Shine is a web and mobile product developed, as the name suggests, to illuminate the historically opaque process of getting a job. Analytics power most interactions between employer and job seeker today, but traditionally only one side has any visibility into the data. J&J wants to rectify that to improve the "guest" experience. Now, J&J job applicants can log in to the service to track every step of their journey via a bright, clean interface. Gehring, whose tidy office is surrounded by colorful printouts of product road-map deadlines, compares the experience to monitoring a package delivery on Amazon. "Our vision is to bring a much more consumer-like approach to recruiting," he says.
When the Dutch-born Gehring arrived at J&J from Accenture's talent innovation lab three years ago, he discovered that the company's recruiting process wasn't so much a black box as a black hole. The company was taking what Gehring calls a "post and pray" approach: Its job listings were filled with jargon, and its hiring process was "broken," rarely informed by data. "We were flying blind," he says. J&J had been receiving 1.2 million applications per year for 15,000 job openings, each requiring multiple interviews. It wasn't uncommon for candidates to endure months of silence only to receive a rejection letter. "It was the definition of a slow-moving, traditional recruiting organization," recalls Gehring. At J&J's scale, this not only threatened the caliber of its in-house talent, but also risked tainting the company's brand with the million-plus people it rejected annually–people who, Gehring says, are sick of companies "treat[ing] them like crap."
Gehring's boss, chief human resources officer Peter Fasolo, tells me that the company desperately needed to move away from the "myths" that long had driven its approach to hiring. "Don't give me anecdotal, 'I feel' this does or doesn't work–go in and study it," he says. Gehring set about "reimagining recruiting," bringing aboard designers and data scientists who scoured for pain points in J&J's process. The key was building out a cohesive ecosystem that prioritized the user–not simply injecting myriad new technology tools now at their disposal. "A lot of my peers see a new AI tool or a chatbot and say, 'Oh, let me add that so I can show I'm doing something with AI,' " Gehring says. "When you do that year after year, you end up with 40 to 50 tools that are super disconnected and don't deliver results."
The Shine team, which Gehring formed in mid-2016, needed to create a personalized experience because, Gehring explains, "candidates are now assessing organizations more than organizations are assessing talent." He and his colleagues expanded the tracking features so that users can see not only which leg of the journey they've reached (e.g., "You're at Stage 3: Recruiter Screening") but also receive estimated response times and insights on progress ("15% of candidates get this far") as well as feedback on what's coming next. To guide people through the process, J&J partnered with career website the Muse to create 80 original advice-filled videos and articles that are sprinkled throughout Shine.

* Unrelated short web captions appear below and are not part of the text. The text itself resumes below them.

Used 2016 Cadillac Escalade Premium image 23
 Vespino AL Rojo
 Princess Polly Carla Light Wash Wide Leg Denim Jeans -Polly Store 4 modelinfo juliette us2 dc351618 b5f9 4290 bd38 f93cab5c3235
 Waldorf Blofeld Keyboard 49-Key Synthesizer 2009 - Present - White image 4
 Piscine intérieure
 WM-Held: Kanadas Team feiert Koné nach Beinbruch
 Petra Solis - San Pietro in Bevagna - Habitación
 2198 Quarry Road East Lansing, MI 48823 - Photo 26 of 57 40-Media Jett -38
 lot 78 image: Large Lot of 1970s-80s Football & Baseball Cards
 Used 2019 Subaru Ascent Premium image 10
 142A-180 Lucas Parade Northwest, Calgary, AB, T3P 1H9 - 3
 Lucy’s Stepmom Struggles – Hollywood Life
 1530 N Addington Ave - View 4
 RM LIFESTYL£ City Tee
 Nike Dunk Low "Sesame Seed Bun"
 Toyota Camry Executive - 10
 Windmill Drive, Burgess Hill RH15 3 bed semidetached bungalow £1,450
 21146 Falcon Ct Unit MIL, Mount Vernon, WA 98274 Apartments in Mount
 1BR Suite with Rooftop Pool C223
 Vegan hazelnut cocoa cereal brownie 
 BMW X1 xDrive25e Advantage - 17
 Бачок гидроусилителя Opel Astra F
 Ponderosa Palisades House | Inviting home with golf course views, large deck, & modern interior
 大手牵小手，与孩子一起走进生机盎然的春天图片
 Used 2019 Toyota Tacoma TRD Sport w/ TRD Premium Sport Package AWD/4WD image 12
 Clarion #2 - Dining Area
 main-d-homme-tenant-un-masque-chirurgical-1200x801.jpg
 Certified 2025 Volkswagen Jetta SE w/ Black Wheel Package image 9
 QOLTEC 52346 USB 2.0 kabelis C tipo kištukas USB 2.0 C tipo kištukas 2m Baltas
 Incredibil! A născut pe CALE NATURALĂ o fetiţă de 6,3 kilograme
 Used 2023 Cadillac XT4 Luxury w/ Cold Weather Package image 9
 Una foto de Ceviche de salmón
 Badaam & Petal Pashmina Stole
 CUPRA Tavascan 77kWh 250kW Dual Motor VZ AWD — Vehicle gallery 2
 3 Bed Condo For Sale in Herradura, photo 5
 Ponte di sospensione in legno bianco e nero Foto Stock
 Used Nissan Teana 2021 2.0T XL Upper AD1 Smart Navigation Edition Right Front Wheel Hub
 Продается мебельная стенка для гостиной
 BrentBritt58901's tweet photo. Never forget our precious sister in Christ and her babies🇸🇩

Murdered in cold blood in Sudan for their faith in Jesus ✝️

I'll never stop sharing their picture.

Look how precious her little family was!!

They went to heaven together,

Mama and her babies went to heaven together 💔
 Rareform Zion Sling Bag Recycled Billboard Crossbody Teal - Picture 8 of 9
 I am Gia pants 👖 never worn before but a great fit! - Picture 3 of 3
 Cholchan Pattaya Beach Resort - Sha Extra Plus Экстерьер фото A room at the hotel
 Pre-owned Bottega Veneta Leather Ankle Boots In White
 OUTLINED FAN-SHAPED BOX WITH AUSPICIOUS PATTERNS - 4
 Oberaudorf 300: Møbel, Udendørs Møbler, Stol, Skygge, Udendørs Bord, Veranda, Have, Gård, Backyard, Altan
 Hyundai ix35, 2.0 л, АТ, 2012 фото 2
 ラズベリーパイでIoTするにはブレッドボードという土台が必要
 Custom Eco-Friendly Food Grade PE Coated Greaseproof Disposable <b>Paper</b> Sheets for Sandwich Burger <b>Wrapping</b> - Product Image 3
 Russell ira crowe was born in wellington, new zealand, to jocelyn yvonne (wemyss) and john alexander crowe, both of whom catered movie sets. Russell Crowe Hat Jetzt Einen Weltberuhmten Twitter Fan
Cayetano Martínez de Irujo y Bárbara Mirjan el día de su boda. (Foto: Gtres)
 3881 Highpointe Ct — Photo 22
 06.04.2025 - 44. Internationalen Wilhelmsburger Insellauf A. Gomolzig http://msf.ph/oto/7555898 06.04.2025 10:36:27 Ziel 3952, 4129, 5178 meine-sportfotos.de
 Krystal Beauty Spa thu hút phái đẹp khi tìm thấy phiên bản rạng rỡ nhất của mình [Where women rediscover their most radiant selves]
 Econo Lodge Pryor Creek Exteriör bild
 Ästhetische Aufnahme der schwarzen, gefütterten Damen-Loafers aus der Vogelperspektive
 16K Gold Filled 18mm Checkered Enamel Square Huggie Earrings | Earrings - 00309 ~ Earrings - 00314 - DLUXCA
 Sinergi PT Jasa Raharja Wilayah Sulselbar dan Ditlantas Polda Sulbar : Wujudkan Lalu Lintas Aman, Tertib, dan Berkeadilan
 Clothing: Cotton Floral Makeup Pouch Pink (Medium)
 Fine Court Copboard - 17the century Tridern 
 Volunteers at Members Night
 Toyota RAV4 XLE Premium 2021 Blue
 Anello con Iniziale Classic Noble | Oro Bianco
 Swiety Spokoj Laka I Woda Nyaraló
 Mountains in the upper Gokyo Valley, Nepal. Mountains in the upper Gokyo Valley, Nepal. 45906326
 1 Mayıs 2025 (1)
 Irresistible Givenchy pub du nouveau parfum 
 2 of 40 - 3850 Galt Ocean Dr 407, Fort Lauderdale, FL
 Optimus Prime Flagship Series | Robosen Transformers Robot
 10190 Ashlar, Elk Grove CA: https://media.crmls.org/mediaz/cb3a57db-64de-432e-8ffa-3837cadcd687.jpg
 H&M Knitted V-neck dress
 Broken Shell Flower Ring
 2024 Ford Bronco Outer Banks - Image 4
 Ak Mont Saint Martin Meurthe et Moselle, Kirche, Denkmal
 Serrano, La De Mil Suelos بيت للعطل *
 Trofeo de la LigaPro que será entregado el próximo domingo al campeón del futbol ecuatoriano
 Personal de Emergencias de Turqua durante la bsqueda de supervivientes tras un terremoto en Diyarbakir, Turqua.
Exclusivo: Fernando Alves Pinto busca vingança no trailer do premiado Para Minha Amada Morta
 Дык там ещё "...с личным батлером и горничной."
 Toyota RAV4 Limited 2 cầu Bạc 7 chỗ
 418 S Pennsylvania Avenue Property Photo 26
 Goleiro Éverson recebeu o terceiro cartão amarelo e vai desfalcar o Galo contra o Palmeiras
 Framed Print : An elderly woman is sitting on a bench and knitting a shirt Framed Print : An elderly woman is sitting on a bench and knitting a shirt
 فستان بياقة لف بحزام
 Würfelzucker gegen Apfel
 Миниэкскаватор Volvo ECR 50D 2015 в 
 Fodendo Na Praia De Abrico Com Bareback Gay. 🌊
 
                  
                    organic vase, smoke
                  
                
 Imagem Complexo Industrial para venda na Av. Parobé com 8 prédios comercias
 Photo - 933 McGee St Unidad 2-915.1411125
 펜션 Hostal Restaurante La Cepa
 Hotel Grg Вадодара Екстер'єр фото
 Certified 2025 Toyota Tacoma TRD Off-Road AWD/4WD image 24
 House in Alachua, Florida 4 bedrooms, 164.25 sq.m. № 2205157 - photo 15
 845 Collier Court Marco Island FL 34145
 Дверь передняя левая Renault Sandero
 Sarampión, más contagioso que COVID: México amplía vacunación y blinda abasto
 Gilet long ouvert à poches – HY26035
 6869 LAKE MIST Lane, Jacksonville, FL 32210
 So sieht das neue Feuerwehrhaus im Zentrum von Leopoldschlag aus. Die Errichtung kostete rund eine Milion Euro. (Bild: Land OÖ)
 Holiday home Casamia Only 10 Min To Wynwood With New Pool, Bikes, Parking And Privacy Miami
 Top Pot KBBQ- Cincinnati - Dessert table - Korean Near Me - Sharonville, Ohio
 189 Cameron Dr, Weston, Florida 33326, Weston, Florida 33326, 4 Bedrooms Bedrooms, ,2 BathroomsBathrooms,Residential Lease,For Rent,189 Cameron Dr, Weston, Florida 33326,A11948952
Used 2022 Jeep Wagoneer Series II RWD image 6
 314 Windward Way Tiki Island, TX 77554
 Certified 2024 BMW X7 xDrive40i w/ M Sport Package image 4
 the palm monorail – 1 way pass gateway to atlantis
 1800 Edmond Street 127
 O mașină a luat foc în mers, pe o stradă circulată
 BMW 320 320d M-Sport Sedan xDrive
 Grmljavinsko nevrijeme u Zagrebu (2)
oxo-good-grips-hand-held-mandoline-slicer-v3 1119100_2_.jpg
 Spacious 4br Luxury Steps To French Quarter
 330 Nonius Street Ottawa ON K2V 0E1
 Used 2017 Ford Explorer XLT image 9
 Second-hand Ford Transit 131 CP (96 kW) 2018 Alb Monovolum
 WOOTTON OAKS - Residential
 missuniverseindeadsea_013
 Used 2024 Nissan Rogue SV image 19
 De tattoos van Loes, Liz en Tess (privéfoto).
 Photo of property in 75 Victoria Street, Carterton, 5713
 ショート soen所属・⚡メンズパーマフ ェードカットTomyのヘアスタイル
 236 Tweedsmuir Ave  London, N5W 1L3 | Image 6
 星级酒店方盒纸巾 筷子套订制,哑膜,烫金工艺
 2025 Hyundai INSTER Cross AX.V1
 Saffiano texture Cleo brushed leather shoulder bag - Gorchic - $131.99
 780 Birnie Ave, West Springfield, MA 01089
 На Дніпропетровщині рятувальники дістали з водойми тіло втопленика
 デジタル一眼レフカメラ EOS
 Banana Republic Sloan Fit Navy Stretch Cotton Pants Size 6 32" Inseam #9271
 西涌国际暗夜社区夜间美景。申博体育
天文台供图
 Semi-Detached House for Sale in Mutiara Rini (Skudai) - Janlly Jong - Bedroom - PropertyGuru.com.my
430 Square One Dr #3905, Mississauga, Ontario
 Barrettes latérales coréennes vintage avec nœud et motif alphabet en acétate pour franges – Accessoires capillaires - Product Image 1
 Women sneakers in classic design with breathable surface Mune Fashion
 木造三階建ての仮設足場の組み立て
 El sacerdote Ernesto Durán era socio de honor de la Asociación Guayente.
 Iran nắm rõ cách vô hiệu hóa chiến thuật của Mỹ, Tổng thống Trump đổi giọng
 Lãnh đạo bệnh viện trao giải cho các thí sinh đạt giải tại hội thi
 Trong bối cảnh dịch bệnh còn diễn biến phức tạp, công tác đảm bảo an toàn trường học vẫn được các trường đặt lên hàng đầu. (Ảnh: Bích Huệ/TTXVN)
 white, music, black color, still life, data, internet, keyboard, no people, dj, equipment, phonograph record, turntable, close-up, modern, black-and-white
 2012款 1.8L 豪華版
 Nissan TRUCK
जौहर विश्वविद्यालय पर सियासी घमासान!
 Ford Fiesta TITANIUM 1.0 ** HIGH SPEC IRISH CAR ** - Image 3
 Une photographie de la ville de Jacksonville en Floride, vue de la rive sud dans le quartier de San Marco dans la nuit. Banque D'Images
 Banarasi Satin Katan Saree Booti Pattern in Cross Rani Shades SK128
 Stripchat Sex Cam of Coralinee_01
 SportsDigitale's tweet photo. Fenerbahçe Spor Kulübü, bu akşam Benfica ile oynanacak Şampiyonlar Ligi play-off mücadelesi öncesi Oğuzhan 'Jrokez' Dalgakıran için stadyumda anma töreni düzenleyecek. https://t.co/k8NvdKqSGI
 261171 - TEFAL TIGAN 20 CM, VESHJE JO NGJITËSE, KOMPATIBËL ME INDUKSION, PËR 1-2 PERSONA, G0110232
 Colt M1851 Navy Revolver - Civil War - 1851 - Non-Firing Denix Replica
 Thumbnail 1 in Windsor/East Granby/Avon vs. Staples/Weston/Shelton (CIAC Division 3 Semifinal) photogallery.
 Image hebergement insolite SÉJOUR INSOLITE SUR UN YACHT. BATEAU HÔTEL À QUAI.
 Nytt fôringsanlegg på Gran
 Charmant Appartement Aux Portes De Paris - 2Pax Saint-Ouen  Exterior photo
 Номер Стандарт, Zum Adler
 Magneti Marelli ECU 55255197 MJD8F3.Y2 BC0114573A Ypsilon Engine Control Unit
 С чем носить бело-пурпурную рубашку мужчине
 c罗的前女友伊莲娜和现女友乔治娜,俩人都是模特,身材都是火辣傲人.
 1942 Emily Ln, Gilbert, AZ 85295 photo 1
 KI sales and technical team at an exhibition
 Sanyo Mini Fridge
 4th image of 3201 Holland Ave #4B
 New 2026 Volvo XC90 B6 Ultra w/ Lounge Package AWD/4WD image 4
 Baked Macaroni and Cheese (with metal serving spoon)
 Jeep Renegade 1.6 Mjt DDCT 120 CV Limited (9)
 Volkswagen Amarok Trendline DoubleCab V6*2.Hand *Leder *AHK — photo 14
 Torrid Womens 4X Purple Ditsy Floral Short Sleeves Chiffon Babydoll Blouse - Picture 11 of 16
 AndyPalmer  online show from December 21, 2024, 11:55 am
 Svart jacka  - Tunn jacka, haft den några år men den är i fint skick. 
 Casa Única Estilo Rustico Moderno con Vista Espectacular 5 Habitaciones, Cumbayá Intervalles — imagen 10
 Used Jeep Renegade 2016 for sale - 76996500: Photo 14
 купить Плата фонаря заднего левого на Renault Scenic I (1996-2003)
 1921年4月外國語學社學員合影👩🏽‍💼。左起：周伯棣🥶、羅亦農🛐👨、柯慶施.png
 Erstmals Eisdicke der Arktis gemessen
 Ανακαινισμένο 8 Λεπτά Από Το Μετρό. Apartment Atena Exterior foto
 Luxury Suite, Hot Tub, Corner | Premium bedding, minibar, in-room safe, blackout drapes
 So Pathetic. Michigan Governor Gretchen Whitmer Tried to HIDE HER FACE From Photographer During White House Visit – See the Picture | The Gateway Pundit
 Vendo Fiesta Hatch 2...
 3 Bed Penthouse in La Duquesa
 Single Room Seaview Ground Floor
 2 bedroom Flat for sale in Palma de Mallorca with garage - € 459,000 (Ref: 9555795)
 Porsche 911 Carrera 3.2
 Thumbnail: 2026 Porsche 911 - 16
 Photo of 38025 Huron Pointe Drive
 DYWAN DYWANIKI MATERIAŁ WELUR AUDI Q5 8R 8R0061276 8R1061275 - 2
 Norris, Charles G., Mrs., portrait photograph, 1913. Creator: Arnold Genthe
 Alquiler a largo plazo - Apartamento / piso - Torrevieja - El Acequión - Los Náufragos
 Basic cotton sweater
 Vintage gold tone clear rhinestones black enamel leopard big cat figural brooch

Another major focus for J&J has been diversity. For its career listings, the company teamed up with Textio, an AI startup that analyzes job descriptions to remove gender-biased language while also measuring which terms are most effective in attracting talent. "If you're trying to hire competitively against companies like Google and Apple, you really need to find innovative ways to succeed," says Textio CEO Kieran Snyder. "It's not an accident that Amazon uses the word maniacal in their job posts 11 times more often than the rest of the industry."
When J&J rolled out this system last October, response rates to recruiting write-ups rocketed 24%, and the Shine system's Net Promoter Score–an industry-standard metric of how likely users are to recommend it–quintupled within four months. Most compellingly, J&J's Textio-enhanced job listings, dissected to remove gender bias, resulted in a 14% increase in qualified female applicants for STEM roles and a 7% uptick in hires.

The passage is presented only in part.